We are about to conclude the implementation of the first Integrity Pact in Portugal, a project developed in collaboration with the Directorate General of Cultural Heritage (DGPC) and that we trust will inaugurate the growth of participation and involvement of citizens and civil society organizations in public procurement processes.
Therefore, this week we showcase the first of five episodes documenting the IP project in our country, also accessible on the Integrity Pact website.
Civic monitoring of public spending and transparency regarding the decisions behind the works and acquisitions made by public managers increase levels of trust and prevent corruption and fraud.

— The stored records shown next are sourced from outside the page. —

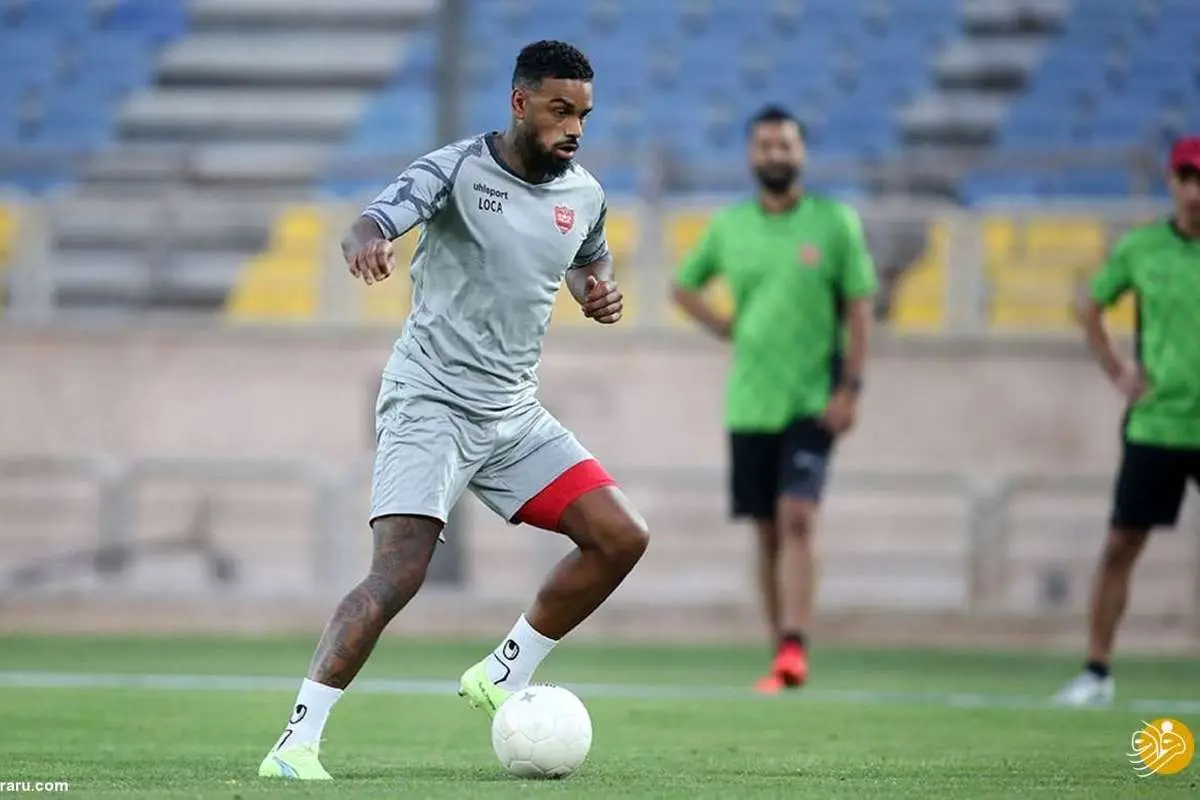 اظهارنظرهای جالب فوق ستاره خارجی پرسپولیس درباره ایران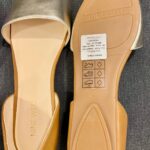 סנדלים ניין ווסט Nine West - ניין ווסט יד שנייה בנמיז - Nemyz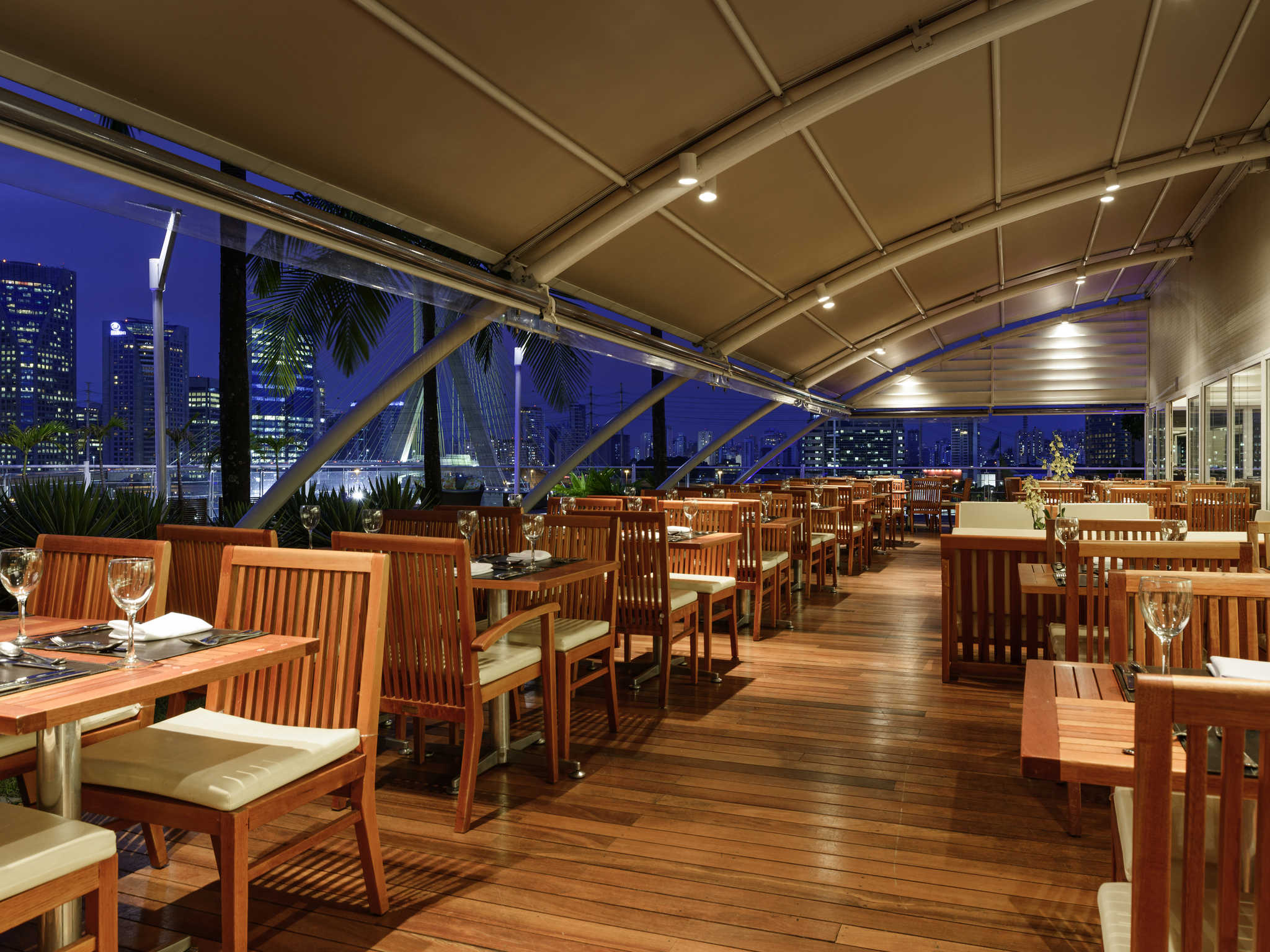 Photo - Novotel Sao Paulo Morumbi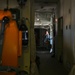 U.S. and Japan Maritime Self-Defense Force conduct Cope North 24 training aboard a US-2 Flying Boat aircraft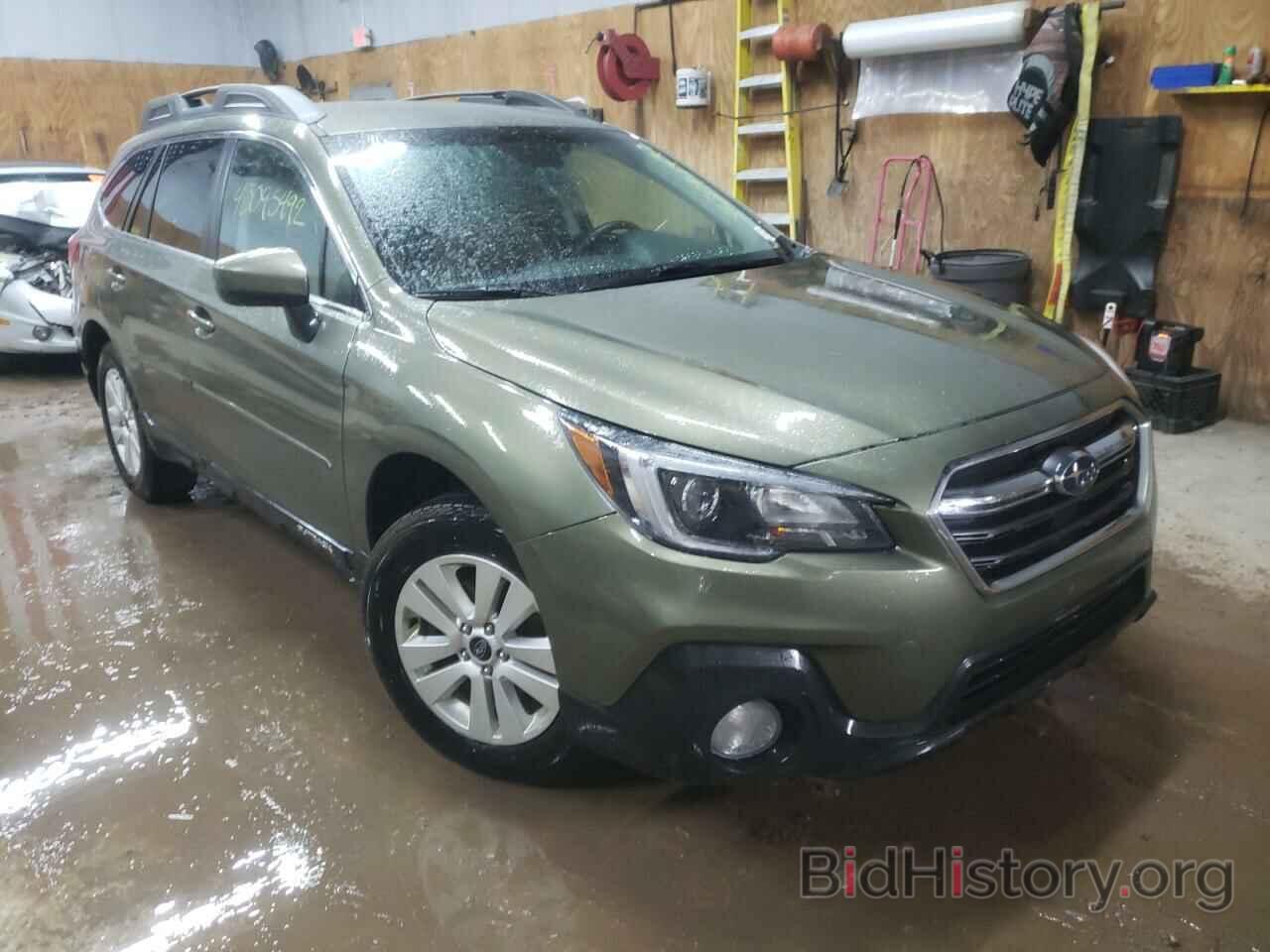 Photo 4S4BSAFC1K3310956 - SUBARU OUTBACK 2019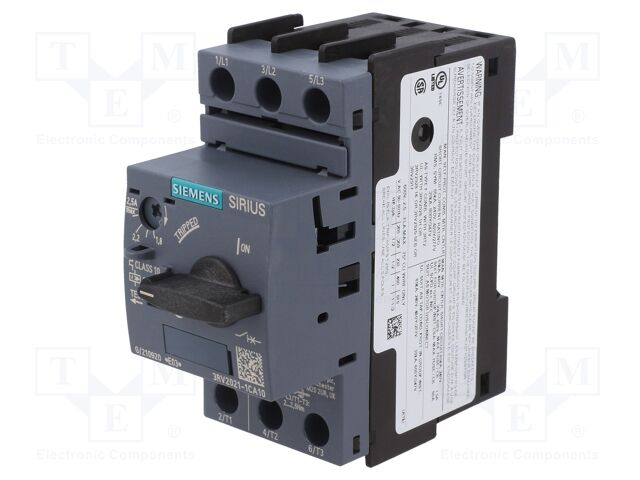 3RV2021-1CA10 3RV2021-1CA10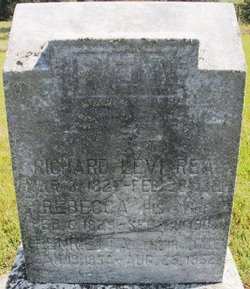 REA, HENRIETTA - Mahaska County, Iowa | HENRIETTA REA 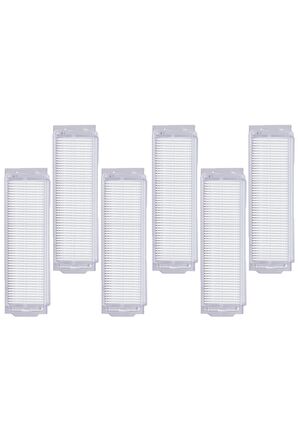 Xiaomi Mop Pro (stytj02ym) Uyumlu 6 Adet Filtre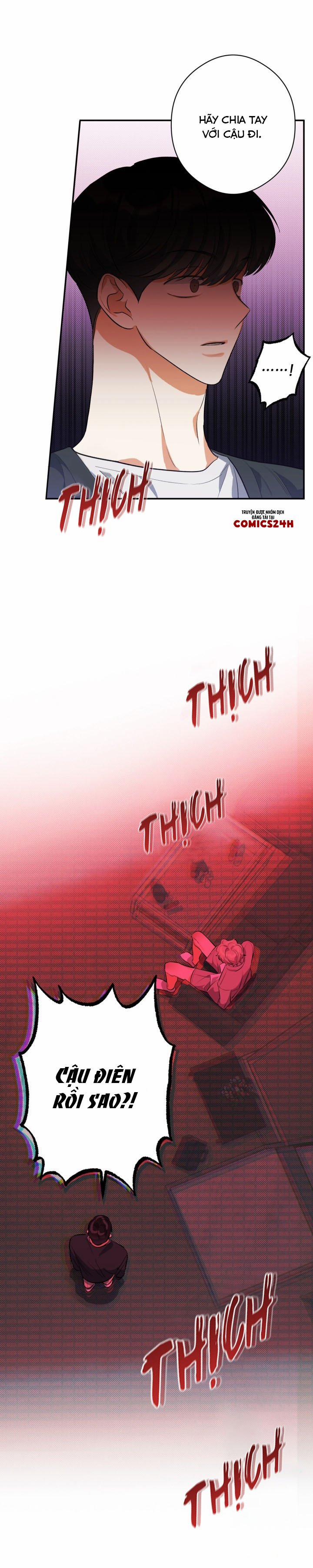 Chuẩn Mực Tỏ Tình 2 trang 21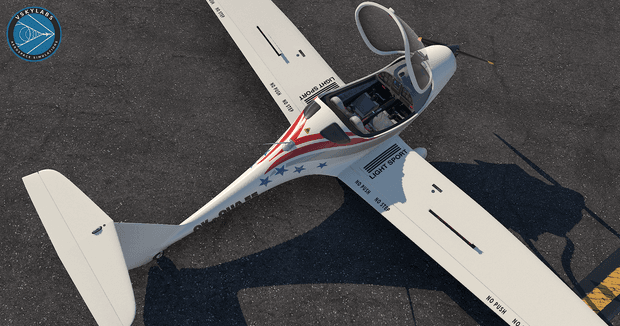 VSKYLABS Phoenix Air U15 S-LSA Project
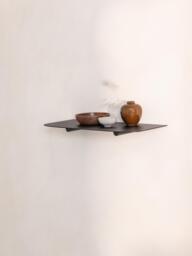 Wall Shelf Lenn, W 40 cm - thumbnail 2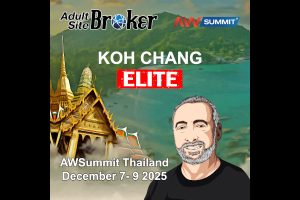 Bruce the Adult Site Broker to Attend AW Summit Elite in Ko Chang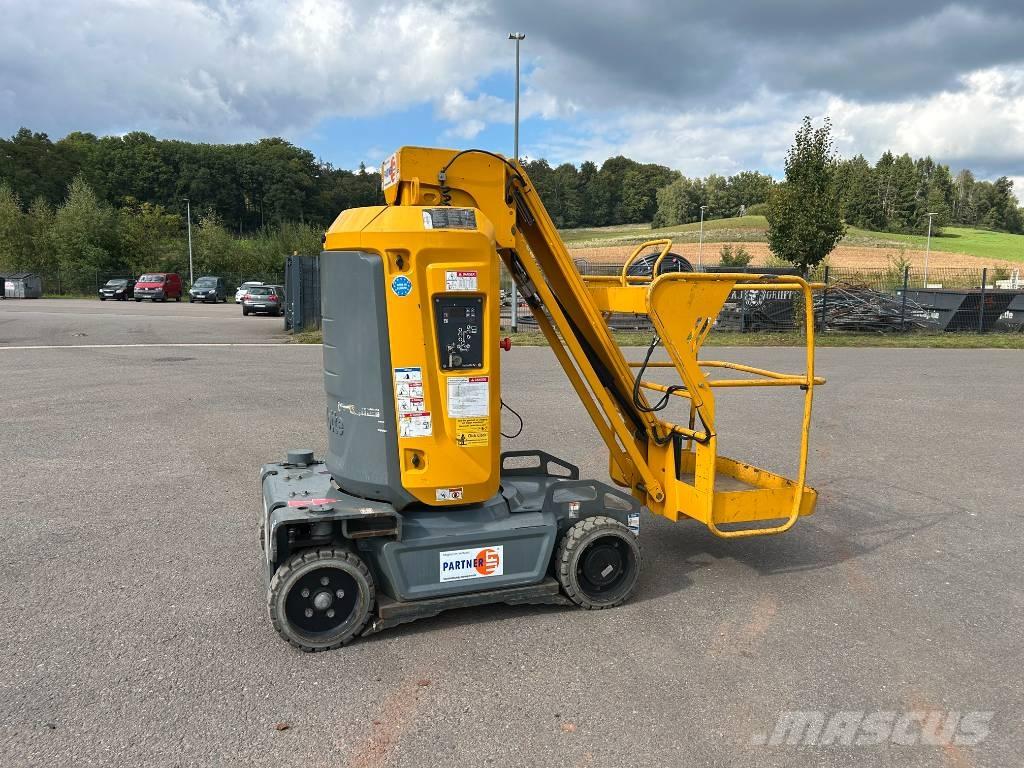 Haulotte Star 10 Ollós emelők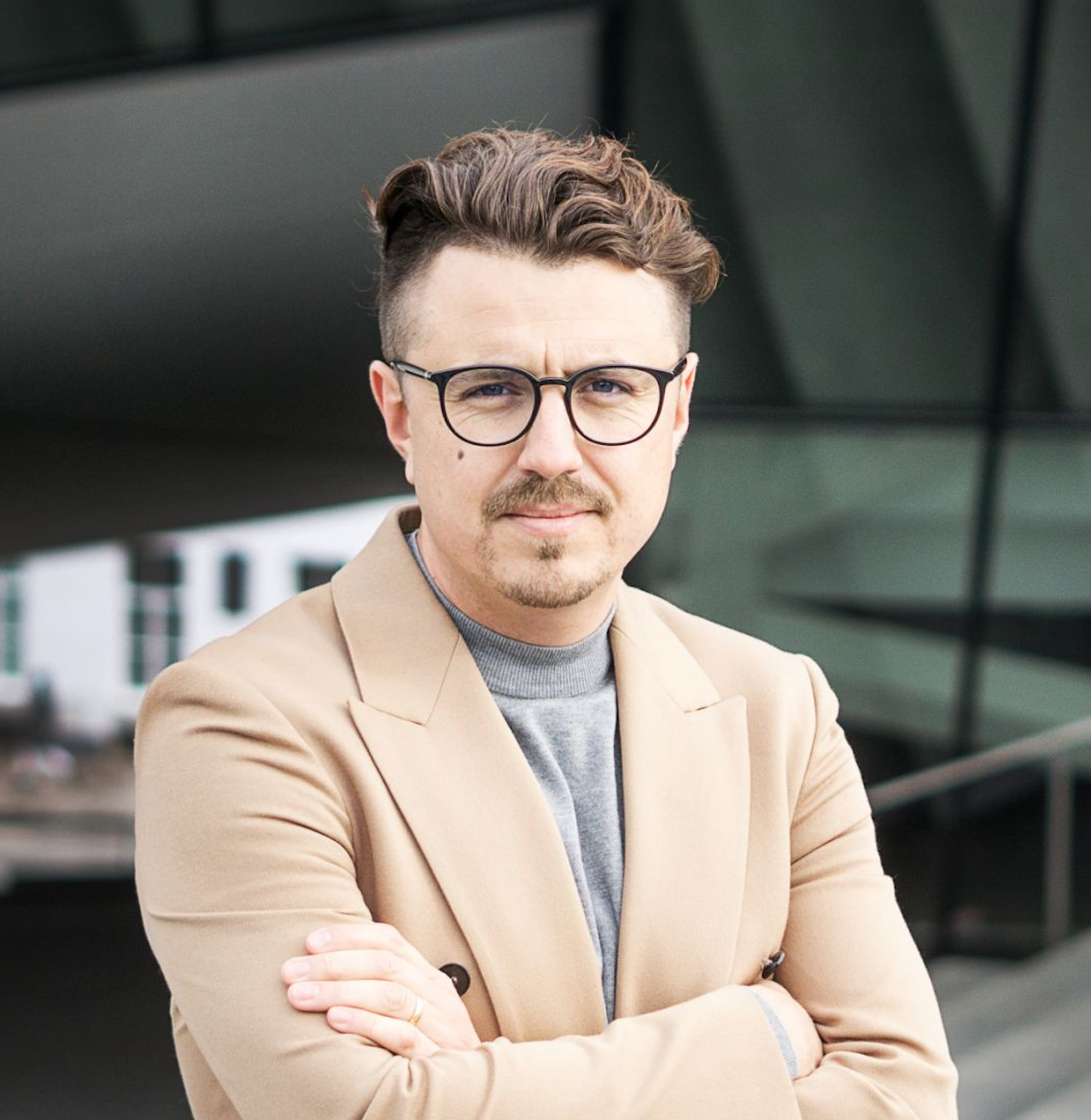 Genadijus Smertjevas — Memel Consult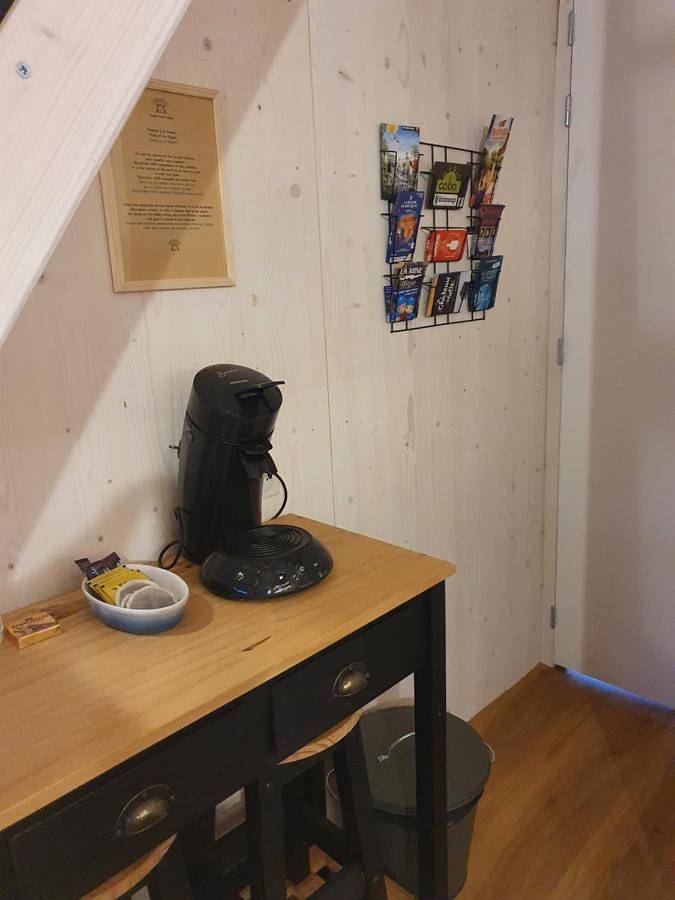 Appartement entier, Tiny House Cosy 1 - Angers Green Lodge in Angers, Région d'Angers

Since 2016, the Integrity Pact has embodied this strategy of greater involvement and greater proximity between the contracting authority (DGPC), the companies responsible for the works at the Monastery of Alcobaça and the Alcobaça community, which now has information accessible at all times about the two interventions object of the IP in the national monument classified by UNESCO.
In an initiative unparalleled in our country, the TI Portugal Expert Committee – led by Prof. Miguel Lucas Pires, from the University of Aveiro – has been following the contracting procedures of the DGPC since the needs assessment stage until the conclusion of the works, producing monitoring reports and presenting improvement suggestions to prevent the risks of misuse of the European Union funds that supported the execution of the works.
“It has been a very fruitful work at all levels, because it stimulated the interaction between public stakeholders, the private sector and civil society, and strengthened the trust on the good use of money, but also because it greatly supported the association’s mission in this very critical area”, explains Karina Carvalho, Executive Director of TI Portugal.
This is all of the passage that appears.